From: Mike Kravetz <mike.kravetz@oracle.com>
To: Sidhartha Kumar <sidhartha.kumar@oracle.com>
Cc: linux-kernel@vger.kernel.org, linux-mm@kvack.org,
akpm@linux-foundation.org, songmuchun@bytedance.com,
willy@infradead.org
Subject: Re: [PATCH v6] mm/filemap: remove hugetlb special casing in filemap.c
Date: Wed, 6 Sep 2023 17:18:32 -0700 [thread overview]
Message-ID: <20230907001832.GA63356@monkey> (raw)
In-Reply-To: <c2519e75-2354-9dc0-d771-c7ad2bbcf80d@oracle.com>
[-- Attachment #1: Type: text/plain, Size: 2654 bytes --]
On 09/04/23 21:05, Sidhartha Kumar wrote:
> On 8/21/23 11:33 AM, Mike Kravetz wrote:
> > On 08/17/23 11:18, Sidhartha Kumar wrote:
> > > Remove special cased hugetlb handling code within the page cache by
> > > changing the granularity of each index to the base page size rather than
> > > the huge page size. Adds new wrappers for hugetlb code to to interact with the
> > > page cache which convert to a linear index.
> > <snip>
> > > @@ -237,7 +234,7 @@ void filemap_free_folio(struct address_space *mapping, struct folio *folio)
> > > if (free_folio)
> > > free_folio(folio);
> > > - if (folio_test_large(folio) && !folio_test_hugetlb(folio))

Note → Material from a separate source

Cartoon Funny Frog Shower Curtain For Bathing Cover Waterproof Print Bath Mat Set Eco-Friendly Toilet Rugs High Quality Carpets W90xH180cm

> > > + if (folio_test_large(folio))
> > > refs = folio_nr_pages(folio);
> > > folio_put_refs(folio, refs);
> > > }
> > > @@ -858,14 +855,15 @@ noinline int __filemap_add_folio(struct address_space *mapping,
> > > if (!huge) {
> > > int error = mem_cgroup_charge(folio, NULL, gfp);
> > > - VM_BUG_ON_FOLIO(index & (folio_nr_pages(folio) - 1), folio);
> > > if (error)
> > > return error;
> > > charged = true;
> > > - xas_set_order(&xas, index, folio_order(folio));
> > > - nr = folio_nr_pages(folio);
> > > }
> >
> > When a hugetlb page is added to the page cache, the ref count will now
> > be increased by folio_nr_pages. So, the ref count for a 2MB hugetlb page
> > on x86 will be increased by 512.
> >
> > We will need a corresponding change to migrate_huge_page_move_mapping().
> > For migration, the ref count is checked as follows:
> >
> > xas_lock_irq(&xas);
> > expected_count = 2 + folio_has_private(src);
> Hi Mike,
>
> Thanks for catching this. Changing this line to:
> + expected_count = folio_expected_refs(mapping, src);
> seems to fix migration from my testing. My test was inserting a sleep() in
> the hugepage-mmap.c selftest and running the migratepages command.
>
> With this version of the patch:
> migrate_pages(44906, 65, [0x0000000000000001], [0x0000000000000002]) = 75
> which means 75 pages did not migrate and after the change to
> folio_expected_refs():
> migrate_pages(7344, 65, [0x0000000000000001], [0x0000000000000002]) = 0
>
> Does that change look correct to you?
I just ran the simple attached test program (don't laugh) on the suggested
change. Command line './move-pages 2 /var/opt/oracle/hugepool/foo'.
Unfortunately, migration is not working as expected. The source pages of
the migration are not freed.
I have not taken a closer look at the code to get an idea about root cause.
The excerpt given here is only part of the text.